> _To do_: Exactly as written, set down each line of the data below except its pictures.

== Data

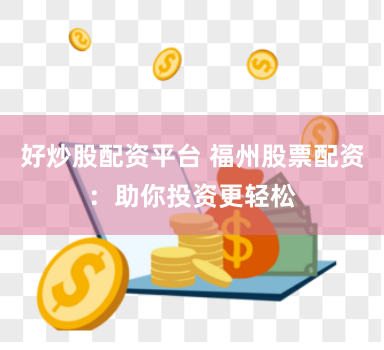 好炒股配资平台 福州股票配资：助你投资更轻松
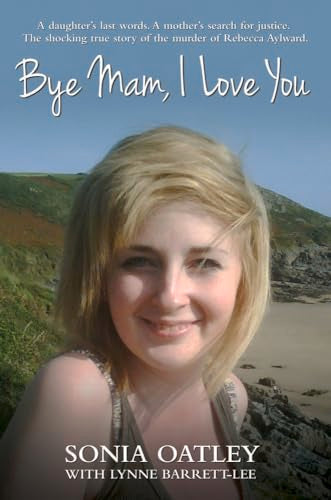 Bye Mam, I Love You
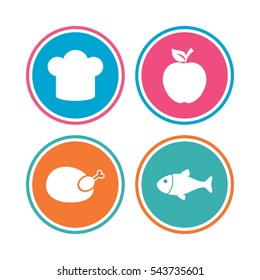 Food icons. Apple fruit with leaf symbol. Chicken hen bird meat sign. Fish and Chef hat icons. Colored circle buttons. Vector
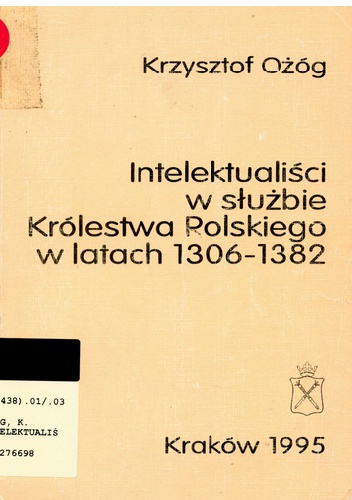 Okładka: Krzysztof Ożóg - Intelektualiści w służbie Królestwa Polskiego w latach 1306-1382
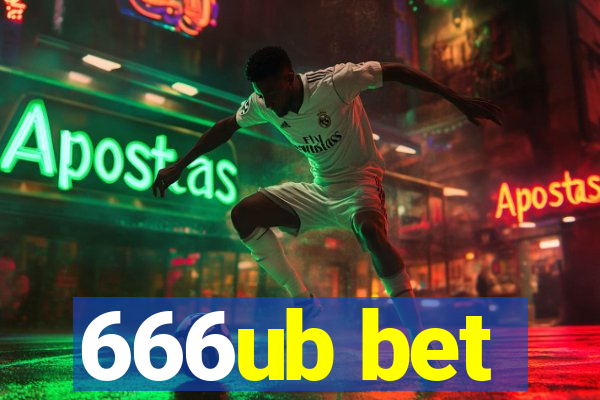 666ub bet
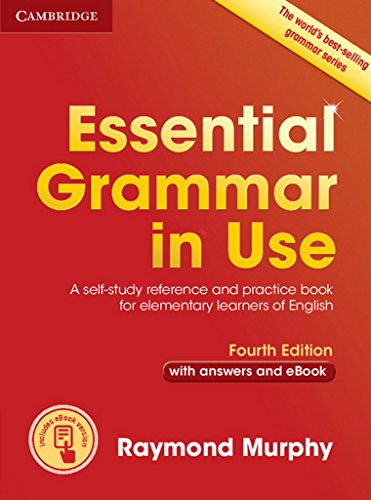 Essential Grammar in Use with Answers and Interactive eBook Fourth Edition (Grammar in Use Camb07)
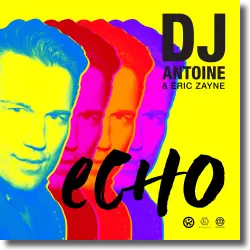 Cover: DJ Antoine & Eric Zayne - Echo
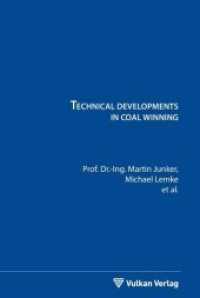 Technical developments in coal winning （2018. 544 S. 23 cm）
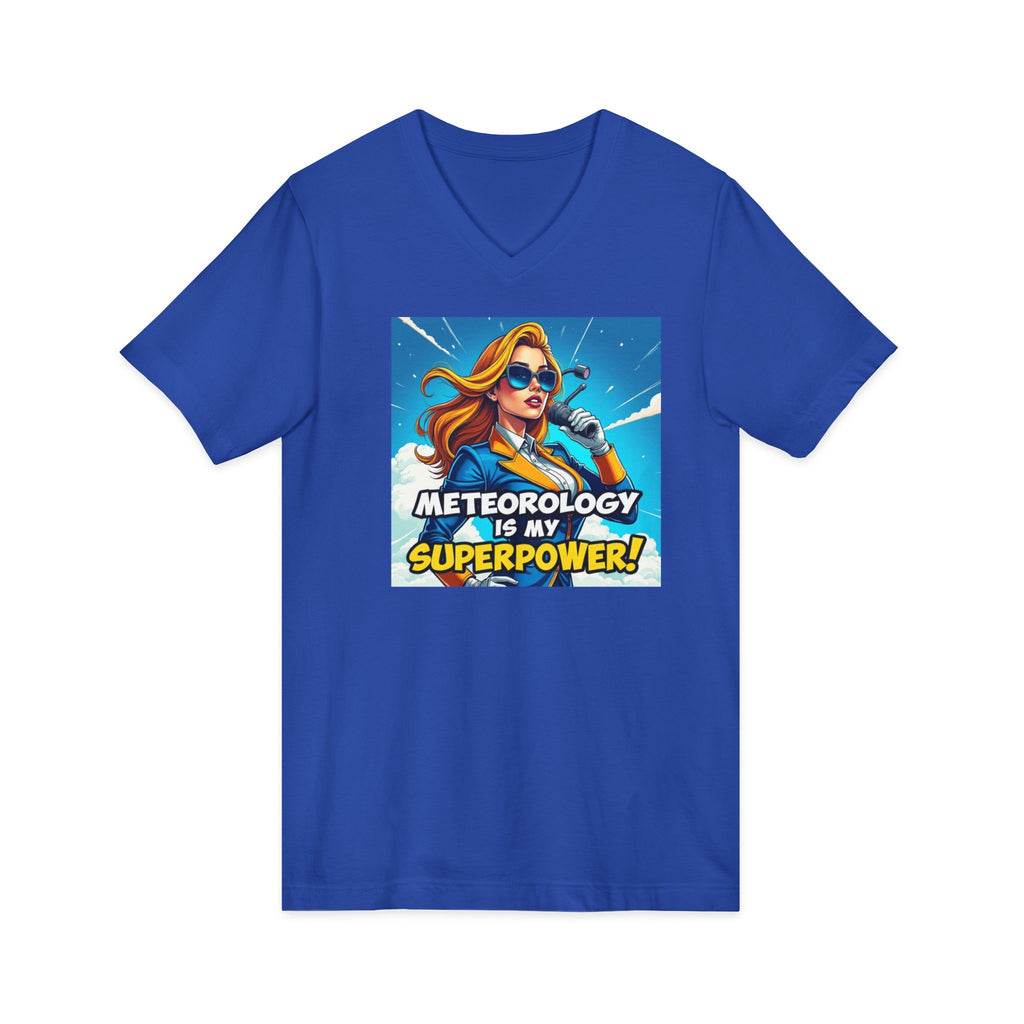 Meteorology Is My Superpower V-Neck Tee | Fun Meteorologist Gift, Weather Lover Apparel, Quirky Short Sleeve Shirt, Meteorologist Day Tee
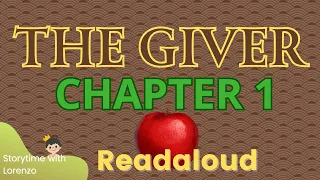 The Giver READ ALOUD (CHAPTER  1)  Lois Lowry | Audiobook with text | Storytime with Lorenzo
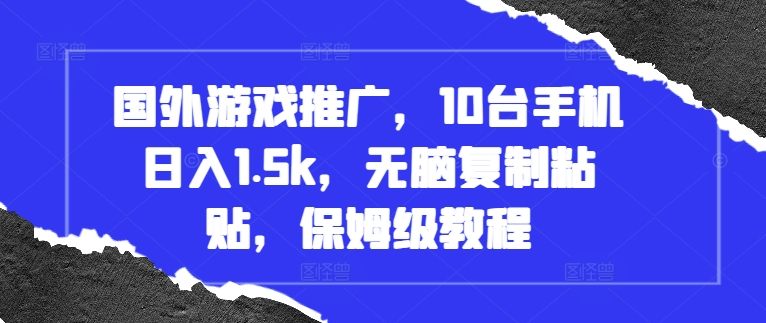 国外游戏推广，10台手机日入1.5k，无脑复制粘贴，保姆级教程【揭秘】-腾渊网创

====

> _Answer to this problem_:
 好炒股配资平台 福州股票配资：助你投资更轻松
 Bye Mam, I Love You
 Food icons. Apple fruit with leaf symbol. Chicken hen bird meat sign. Fish and Chef hat icons. Colored circle buttons. Vector
 Okładka: Krzysztof Ożóg - Intelektualiści w służbie Królestwa Polskiego w latach 1306-1382
 666ub bet
 Essential Grammar in Use with Answers and Interactive eBook Fourth Edition (Grammar in Use Camb07)
 Cover: DJ Antoine & Eric Zayne - Echo
 Technical developments in coal winning （2018. 544 S. 23 cm）
 Meteorology Is My Superpower V-Neck Tee | Fun Meteorologist Gift, Weather Lover Apparel, Quirky Short Sleeve Shirt, Meteorologist Day Tee
 The Giver READ ALOUD (CHAPTER  1)  Lois Lowry | Audiobook with text | Storytime with Lorenzo
 国外游戏推广，10台手机日入1.5k，无脑复制粘贴，保姆级教程【揭秘】-腾渊网创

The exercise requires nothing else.